### EXERCISE OBJECTIVE
Return all of the data exactly as written, without the pictures.

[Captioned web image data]
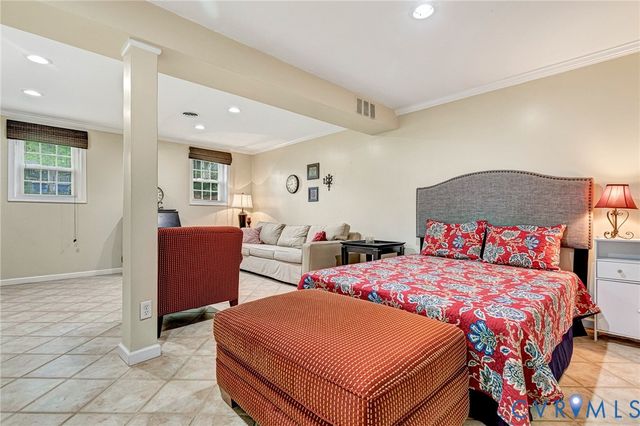716 Coralview Ter, Midlothian, VA 23114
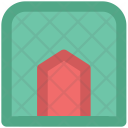 پیش‌نمایش فایل farmhouse-6 از پک ساختمان و مبلمان ۴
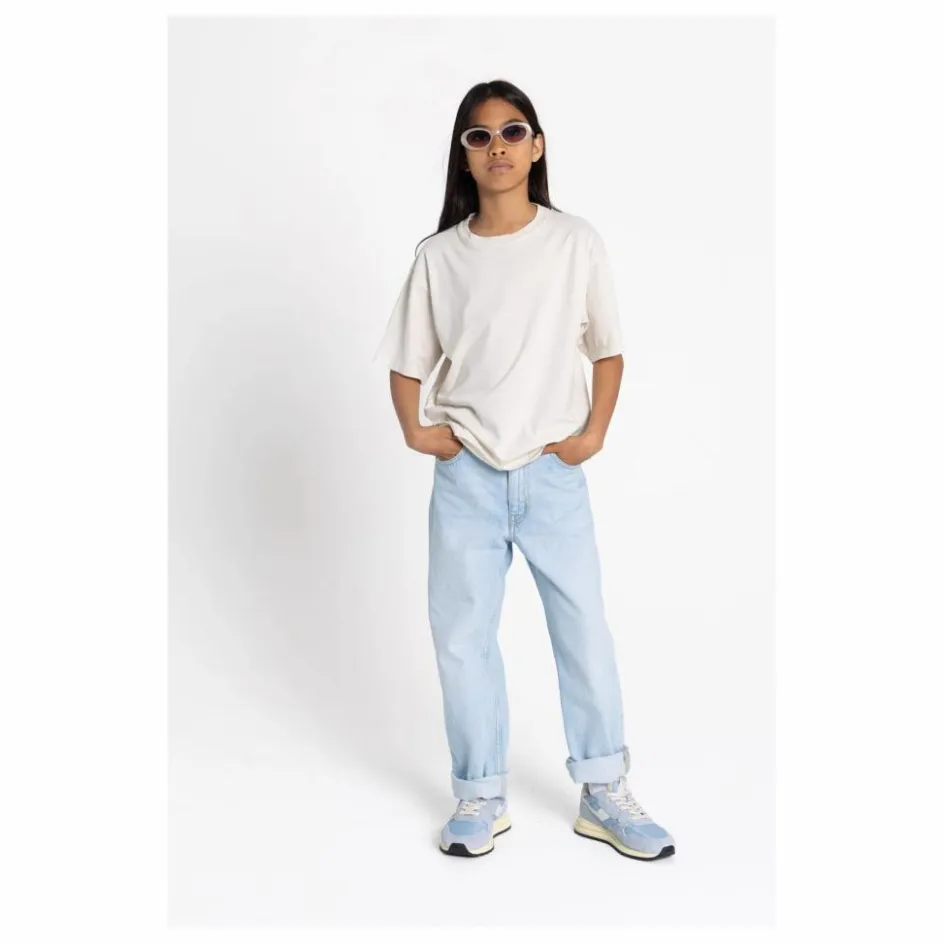 Smallable Kid T-shirt Nils Coton Bio ||Enfant T-Shirts, Chemises|T-Shirts, Chemises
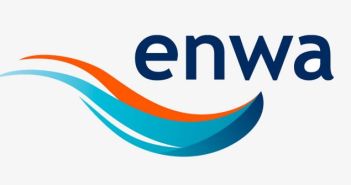 ENWA schließt sich der SKion Water Familie an (Foto: ENWA)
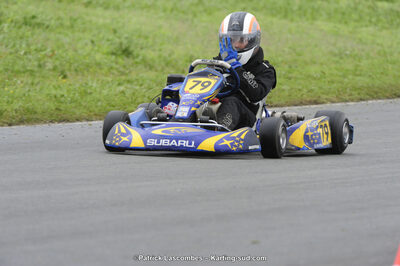 27/04/2014 : Trophée Ufolep à Layrac (Photos Patrick Lascombes) 2014 — karting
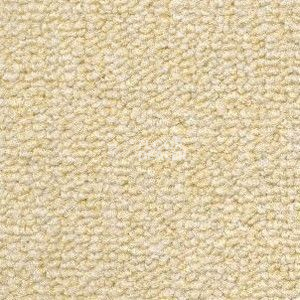 Ковролин Radici Trotter Segale 2418 фото 1 | FLOORDEALER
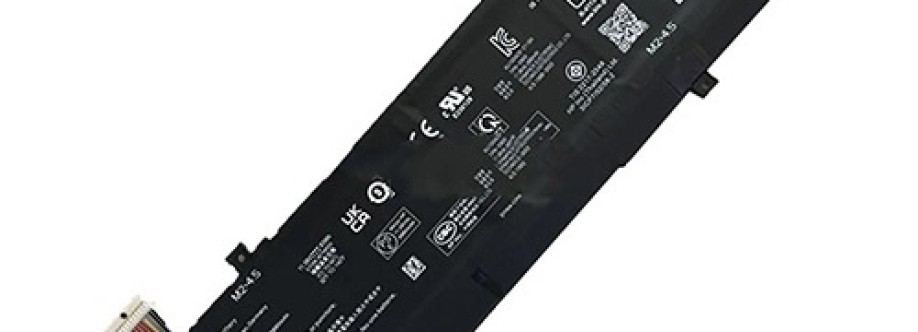 batterypro probattery Cover Image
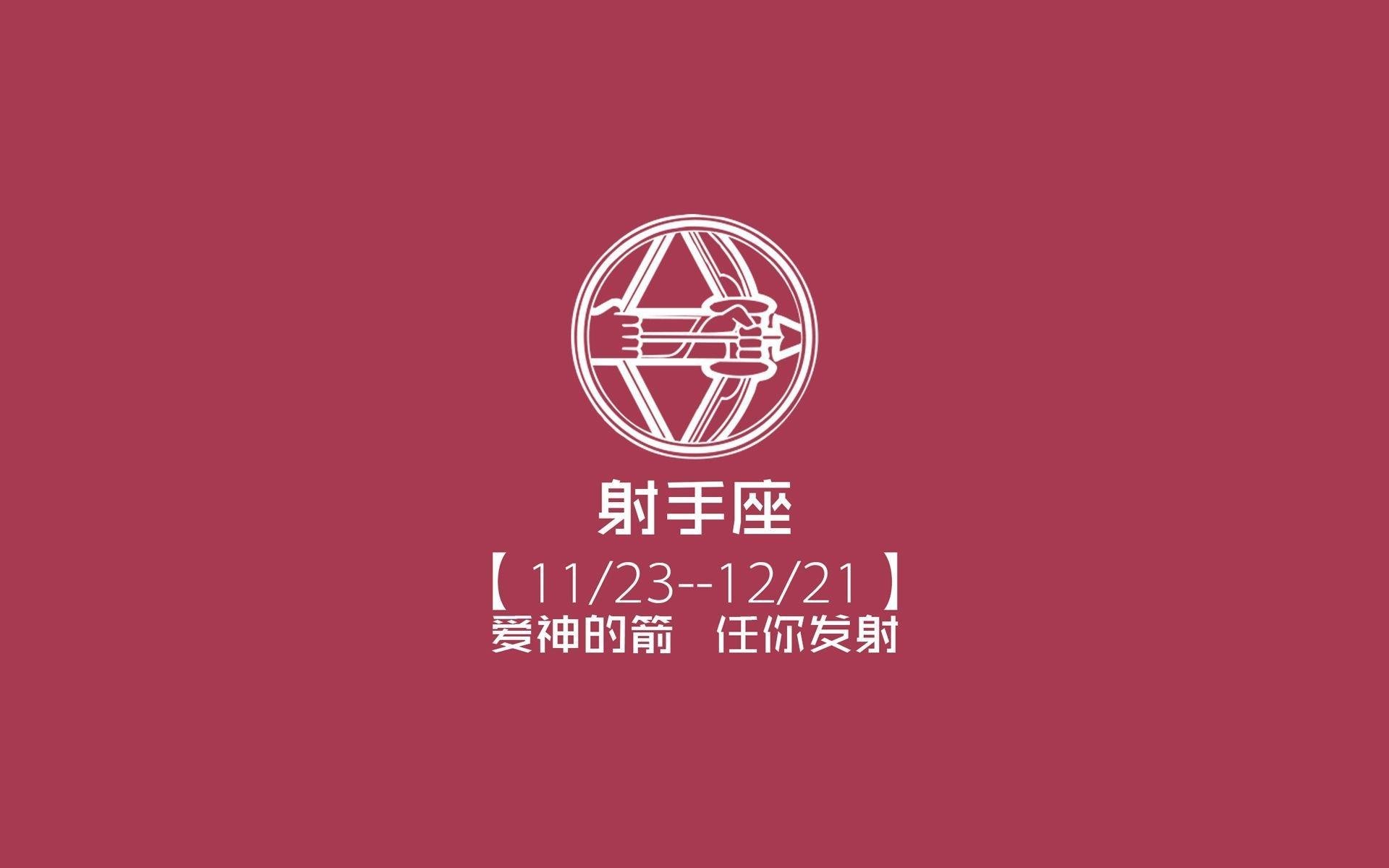 篮球运动员专项体能训练个体差异化方案设计，篮球队身体素质训练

### RESPONSE TO THE TASK
716 Coralview Ter, Midlothian, VA 23114
 پیش‌نمایش فایل farmhouse-6 از پک ساختمان و مبلمان ۴
 Smallable Kid T-shirt Nils Coton Bio ||Enfant T-Shirts, Chemises|T-Shirts, Chemises
 ENWA schließt sich der SKion Water Familie an (Foto: ENWA)
 27/04/2014 : Trophée Ufolep à Layrac (Photos Patrick Lascombes) 2014 — karting
 Ковролин Radici Trotter Segale 2418 фото 1 | FLOORDEALER
 batterypro probattery Cover Image
 篮球运动员专项体能训练个体差异化方案设计，篮球队身体素质训练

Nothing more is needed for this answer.